▸ WORK ORDER:
Once the line containing "image for item" is found in the data below, repeat it and every later line exactly, leaving the pictures out.

▸ RECORDED INFORMATION:
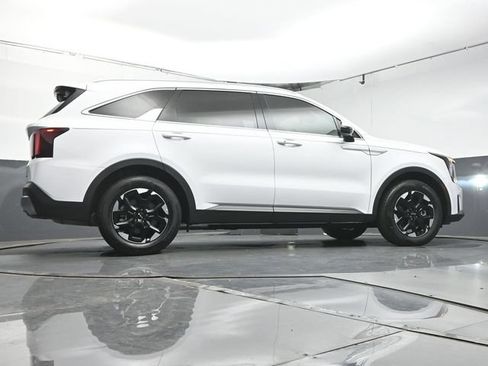 Used 2026 Kia Sorento S FWD image 36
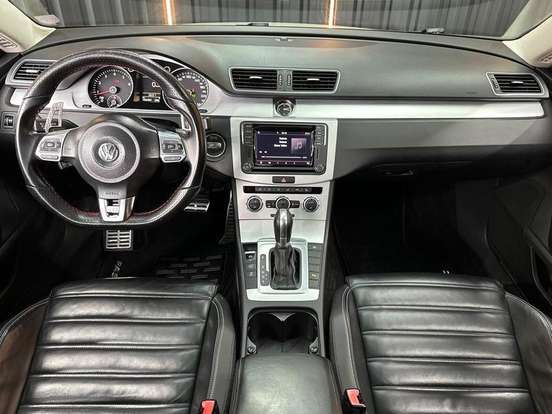 VOLKSWAGEN-PASSAT-2014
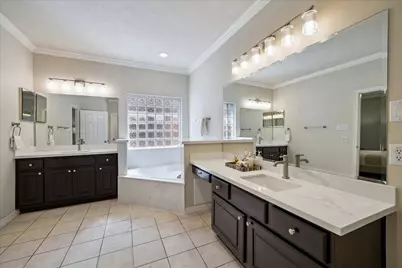 5638 Avalon Way, Houston, TX 77057 - Photo 13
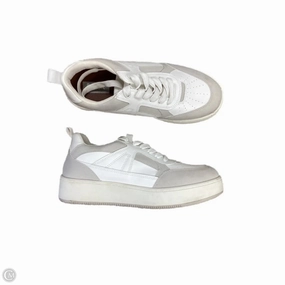 Air   Circulating Airflow Optimized Vamp Shoes Sneakers By Mia In White, Size: 9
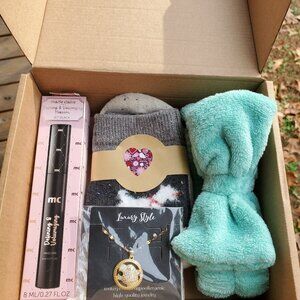 Teenager Christmas gift box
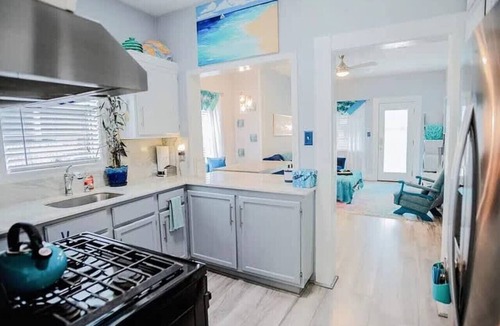 Nederland House | Soothing Blues in Peaceful 2BR/1BA Cottage
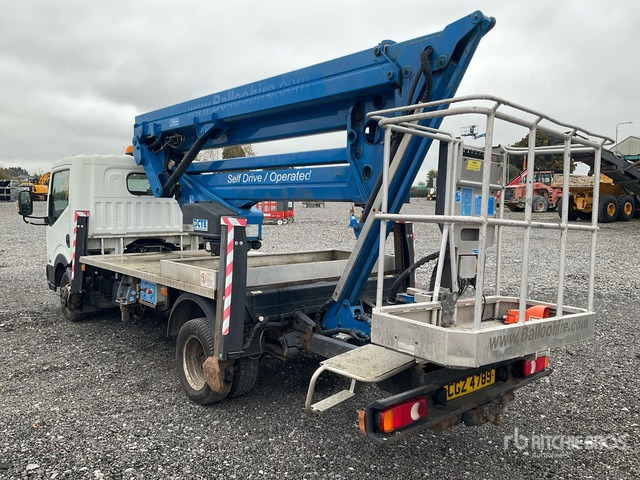 2015 Nissan Cabstar NT400 2015 CTE ZED 21.2JH 20 m on 4x2 Bucket Truck - Veoautolt tõusev platvorm: pilt 5 2015 Nissan Cabstar NT400 2015 CTE ZED 21.2JH 20 m on 4x2 Bucket Truck - Veoautolt tõusev platvorm: pilt 5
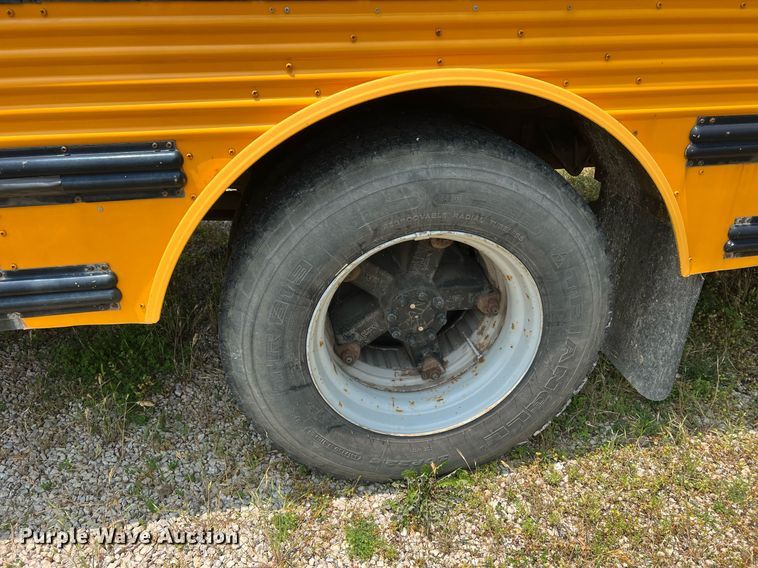 image for item II9165 1998 International 3800  school bus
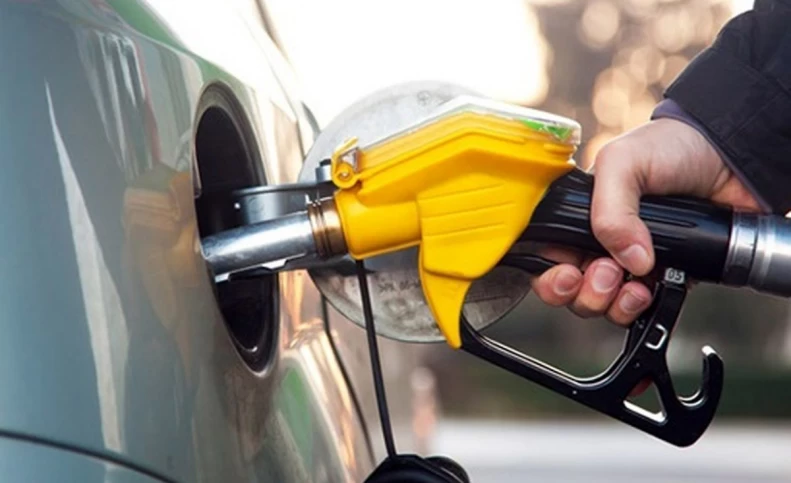 مصرف بنزین ۲۶ درصد افزایش یافت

▸ TASK SOLUTION:
 image for item II9165 1998 International 3800  school bus
 مصرف بنزین ۲۶ درصد افزایش یافت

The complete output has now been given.